*Short descriptive text snippets:*
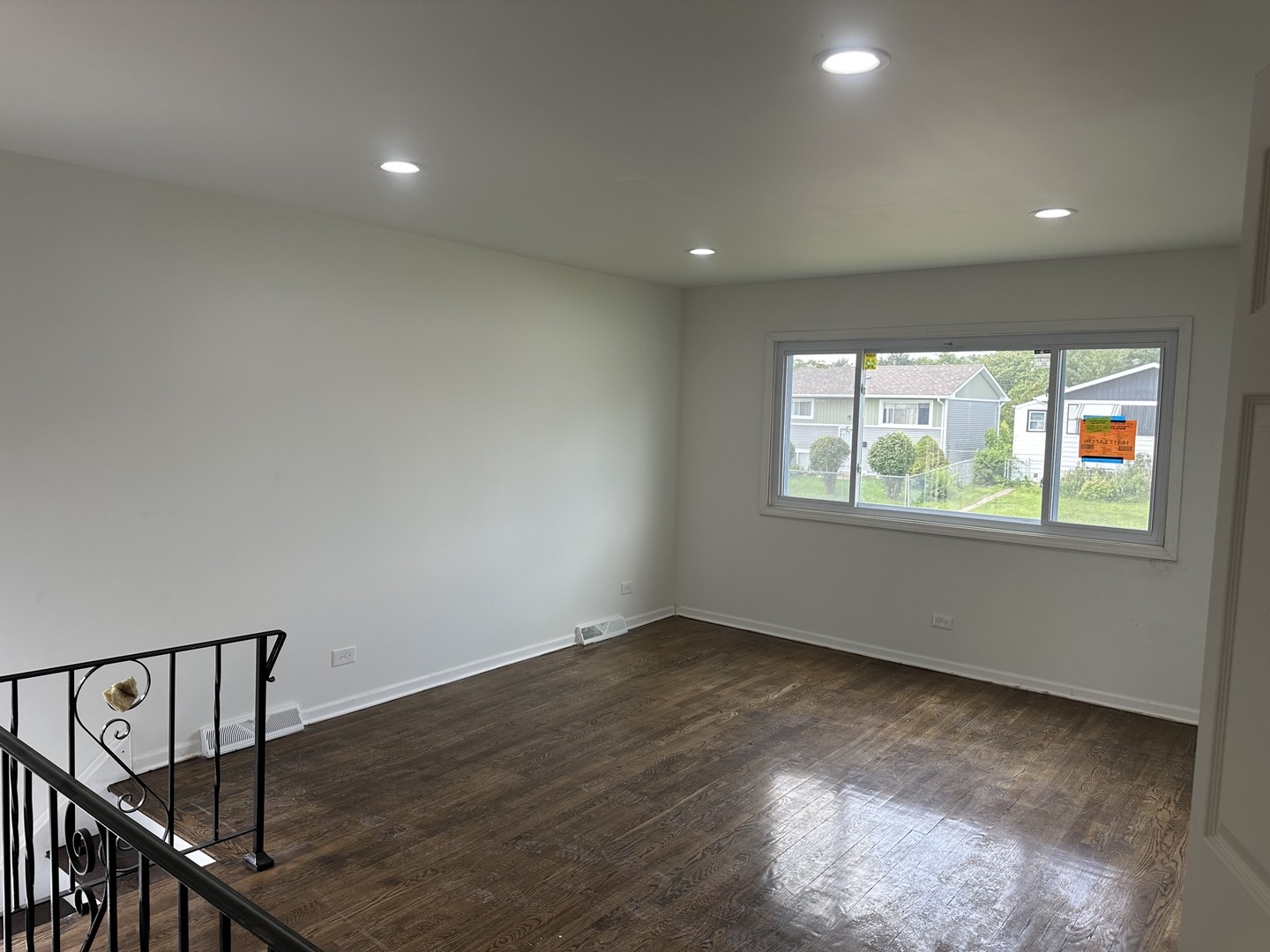 16317 Laflin Avenue Property Photo 5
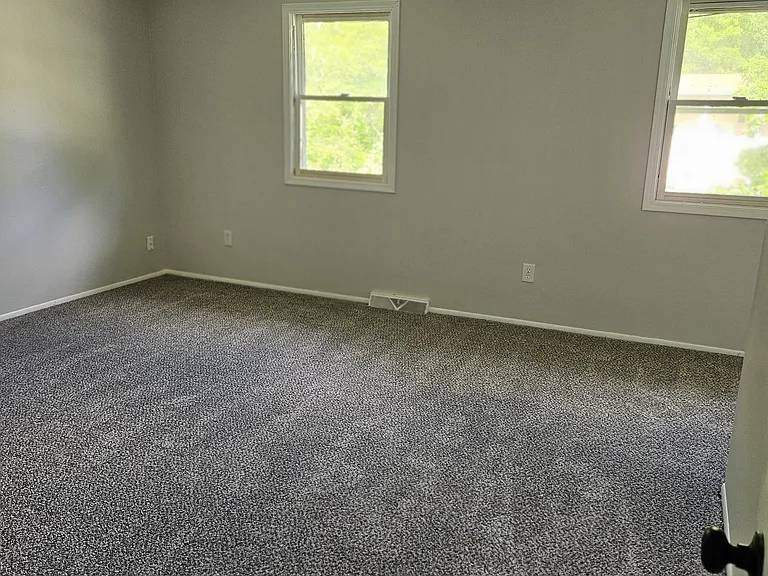 453 Cobblestone Ave NE — Photo 8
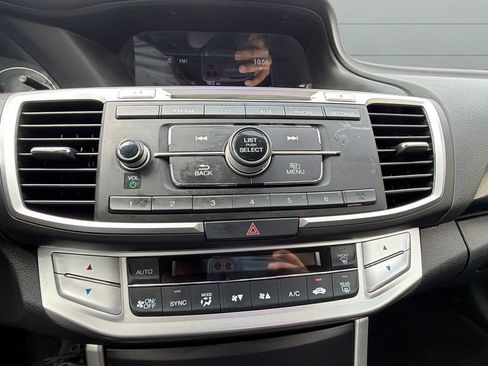 Used 2015 Honda Accord Sport image 20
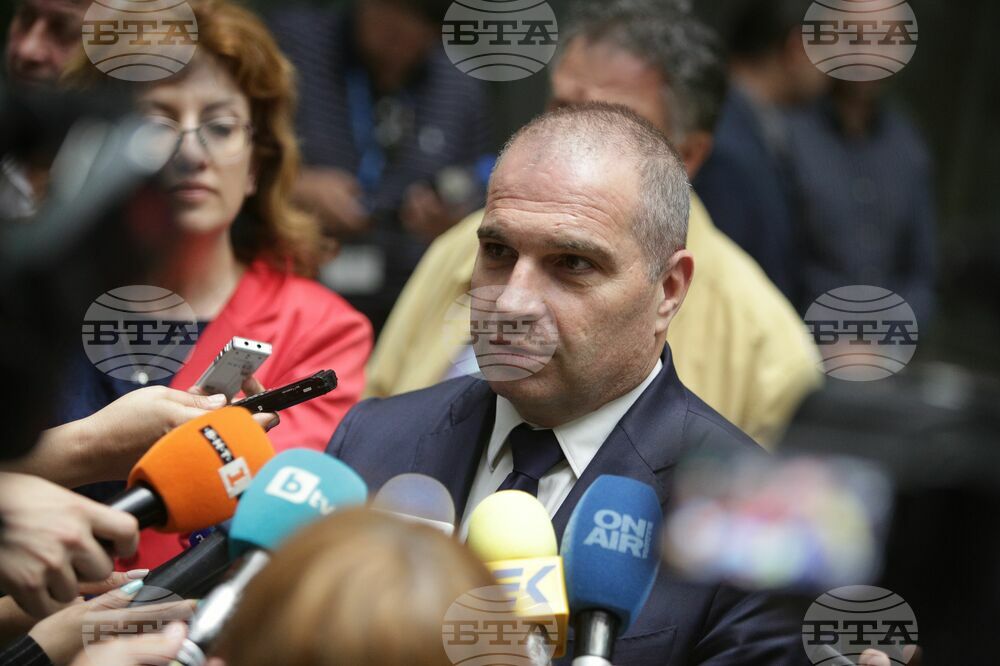 Toll Taxes Must Be Introduced for All Secondary Roads, Regional Development Minister Karadjov Says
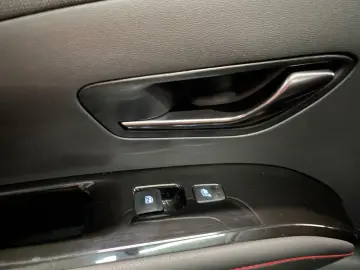 HYUNDAI TUCSON N-Line 1.6 T-GDI Hybrid LED NAVI ACC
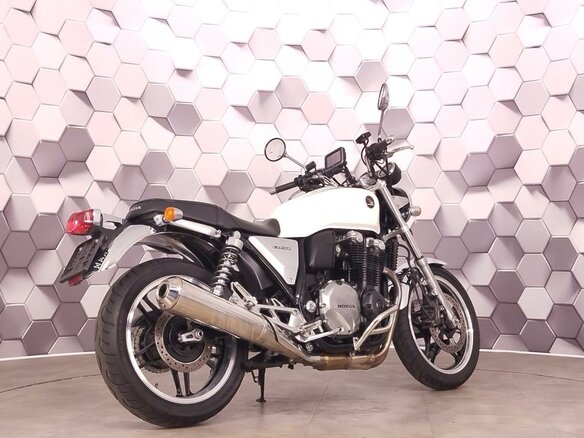 2013 Honda CB 1100, белый, 677000 рублей - вид 5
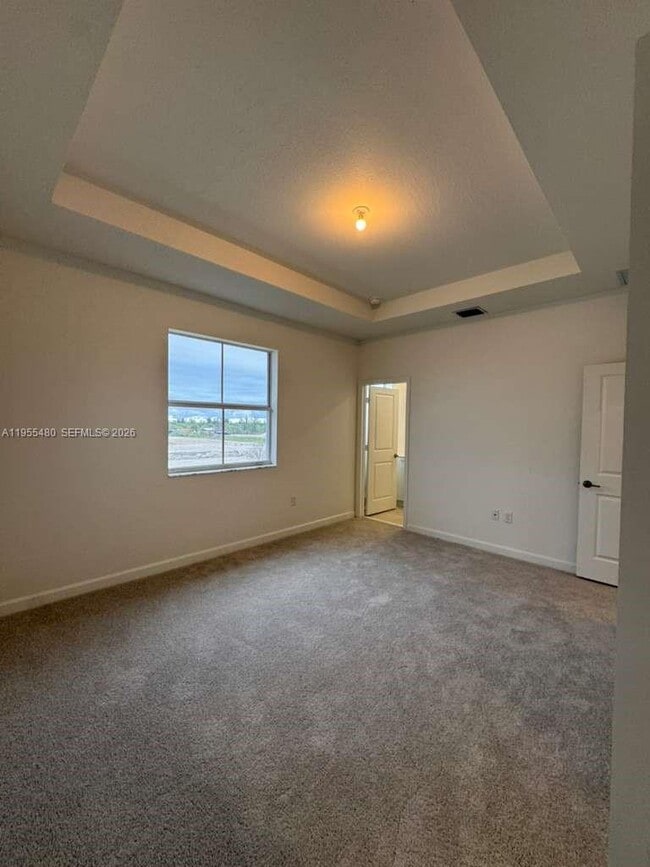 Building Photo - 2721 SE 26th Rd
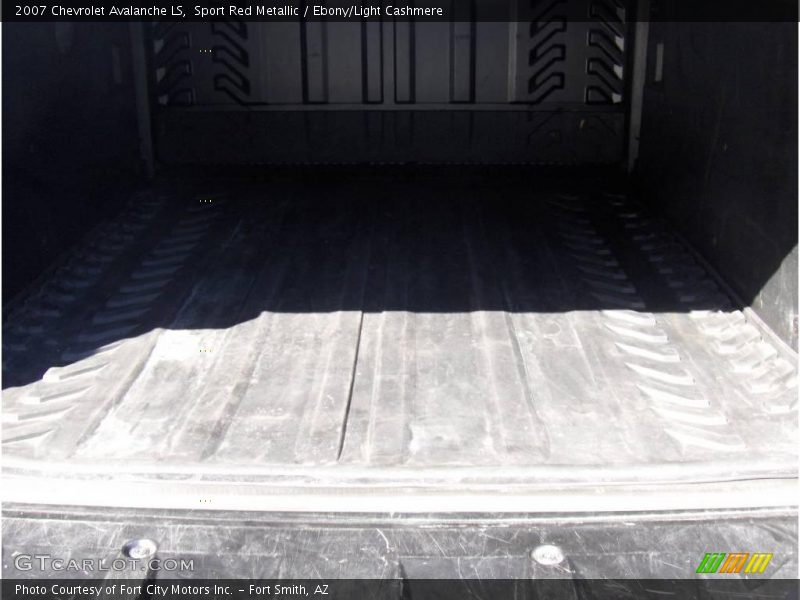 Sport Red Metallic / Ebony/Light Cashmere 2007 Chevrolet Avalanche LS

*Exercise:* The copy you output must match the entries above exactly, except that it has no pictures.

*Exercise result:*
 16317 Laflin Avenue Property Photo 5
 453 Cobblestone Ave NE — Photo 8
 Used 2015 Honda Accord Sport image 20
 Toll Taxes Must Be Introduced for All Secondary Roads, Regional Development Minister Karadjov Says
 HYUNDAI TUCSON N-Line 1.6 T-GDI Hybrid LED NAVI ACC
 2013 Honda CB 1100, белый, 677000 рублей - вид 5
 Building Photo - 2721 SE 26th Rd
 Sport Red Metallic / Ebony/Light Cashmere 2007 Chevrolet Avalanche LS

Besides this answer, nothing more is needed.